4. Worked at place with a meeting culture. (I now carry big water bottle in my back pocket and am ruthless about ending meetings once purpose is met.


----------



## Eyedee (Sep 13, 2010)

This is a regular question which prompts members to post their daily consumption.

I am slightly puzzled by this, why does it matter how much one person drinks when tastes and caffeine tolerance obviously differ between individuals.

Ian


----------



## jjprestidge (Oct 11, 2012)

Eyedee said:


> This is a regular question which prompts members to post their daily consumption.
> 
> I am slightly puzzled by this, why does it matter how much one person drinks when tastes and caffeine tolerance obviously differ between individuals.
> 
> Ian


OK, let's be more specific, then: 3 double shots is roughly the recommended daily limit of caffeine.

JP


----------



## gingerneil (Aug 21, 2014)

I drink Rave Sparkling Decaff!


----------



## Kman10 (Sep 3, 2014)

Mine are always doubles


----------



## Obnic (Jan 14, 2014)

Kman10 said:


> Mine are always doubles


Mine too - that is I was counting drinks not shots in my earlier post.


----------



## Kman10 (Sep 3, 2014)

I was just wondering for future reference, I need the extra coffee to function at the min


----------



## Daren (Jan 16, 2012)

jjprestidge said:


> OK, let's be more specific, then: 3 double shots is roughly the recommended daily limit of caffeine.
> 
> JP


Says who? That's my minimum daily intake!


----------



## Scotford (Apr 24, 2014)

Daren said:


> Says who? That's my minimum daily intake!

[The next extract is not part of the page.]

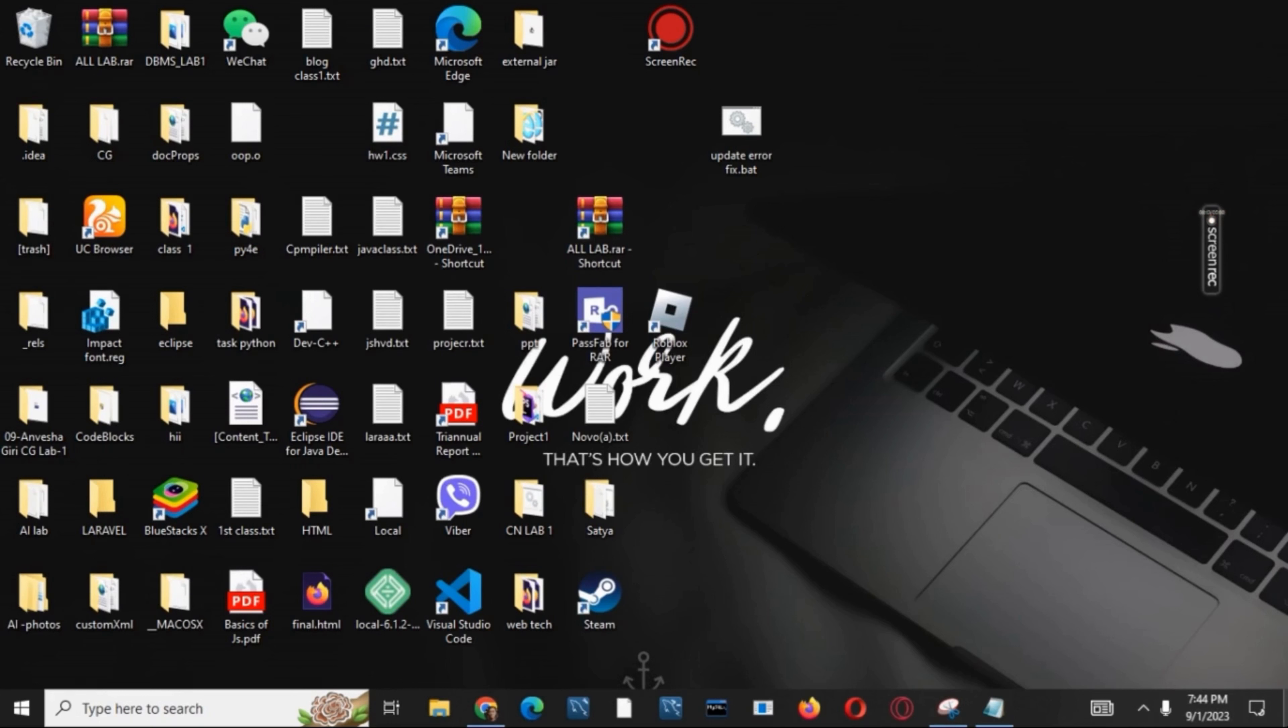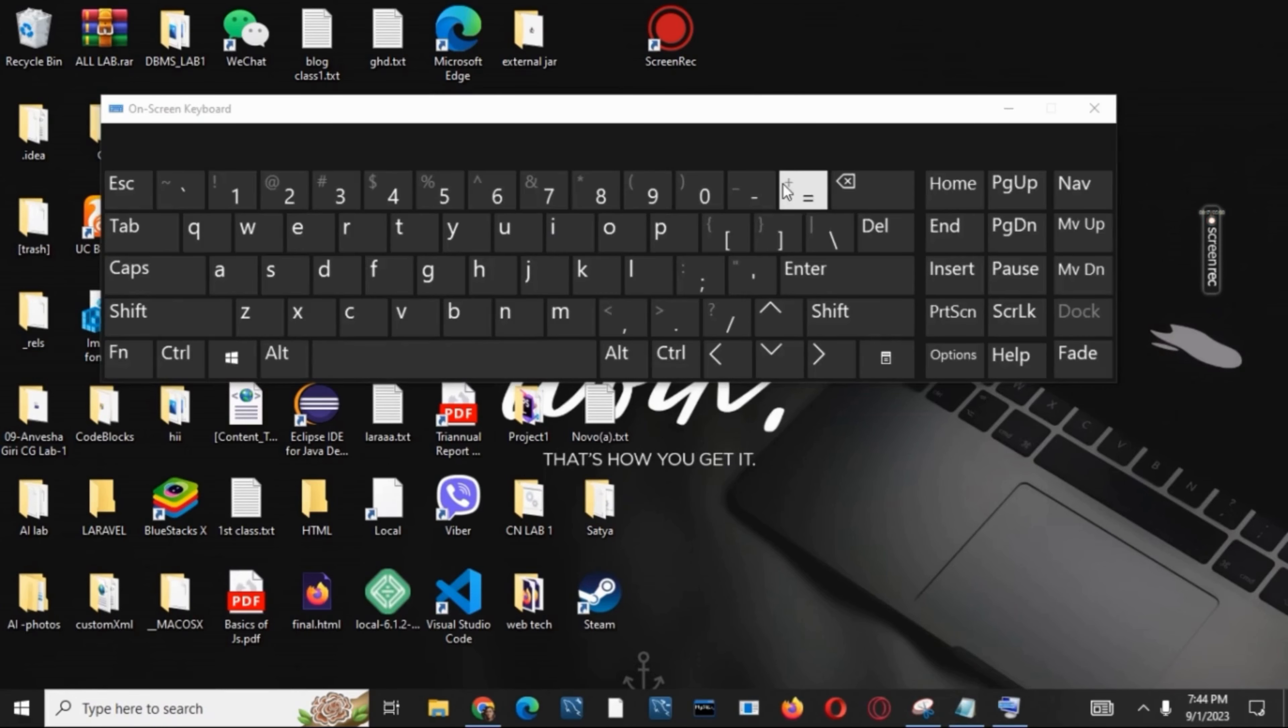For that, you have to press Windows + Ctrl + O. Now you can give your password and try to log in. However, if this does not work, we have to go to the next step.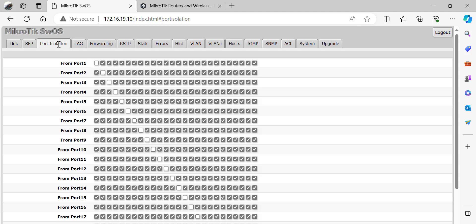The next tab is the Isolation tab. Port 1 can forward packets to all other ports except its own. For port 2, it can forward frames to port 1, port 3, and so on, but not to port 2 itself. The same logic applies to every port — each port can forward frames to all other ports except to itself.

Christ, that's my minimum morning intake!


----------



## Obnic (Jan 14, 2014)

Kman10 said:


> I need the extra coffee to function at the min


I hear that  it really does get easier.

At 22 months old my youngest is a delight - all smiles and wonder. I have to say I am looking forward to Christmas like never before in no small part because this will be the first he's fully aware of.

The power of blackout blinds should not be underestimated. We've used them for all three kids and they really work for extending sleeping times.

I shouldn't fret about caffeine intake for now provided you're staying hydrated. Better to drink too much good coffee than even one cup of instant.


----------



## hotmetal (Oct 31, 2013)

I'm now doing 2 doubles on the  as cappuccino before leaving for work. Had 3 during the morning today and felt fine. Had a cracking little flat white at Freedom Coffee while out in Windsor today which got me on the 'on ramp' and then a can of Coke which pushed me over the edge and I hold it wholly responsible for the resultant jitters and anxiety.


----------



## Obnic (Jan 14, 2014)

You should worry if you get like this...


----------



## Madtwinhead (Sep 11, 2014)

The 29g squeezed into my triple basket was enough when I used to do it, but don't worry don't do that anymore after good advice!!

But a 1000 jibberish words a minute was the result


----------



## Vieux Clou (Oct 22, 2014)

Caffeine RDA according to my doc is zero. So today I had 4 or 5 shots plus 2 litres of tea.


----------



## hotmetal (Oct 31, 2013)

Good lord 29g?! Although I suppose me having 2 doubles is actually the equivalent of 36g but at least I split it over 2 cappas!

That's the thing about having zero for an RDA. Carte Blanche...


----------



## hotmetal (Oct 31, 2013)

Looking back at post #13 may explain why I'm still posting gibberish at one twenty a.m. D'oh!


----------



## Vieux Clou (Oct 22, 2014)

Anyone looked up the lethal dose lately?


----------



## The Systemic Kid (Nov 23, 2012)

Around 200mgs - somewhere in region of 100 cups - you're not proposing to try are you??


----------



## Daren (Jan 16, 2012)

The Systemic Kid said:


> Around 200mgs - somewhere in region of 100 cups - you're not proposing to try are you??


I recon I could do that - Man verses Espresso !

(maybe not)


----------



## hotmetal (Oct 31, 2013)

Isn't that roughly what that muppet in America ordered in Clusterbucks on his birthday when you can order what you like without having to pay? Glenn posted it a while back. I'm sure it was about 100 shots. Doubt if he actually drank it though. Shame, I always like to see Darwinism in action. ..


----------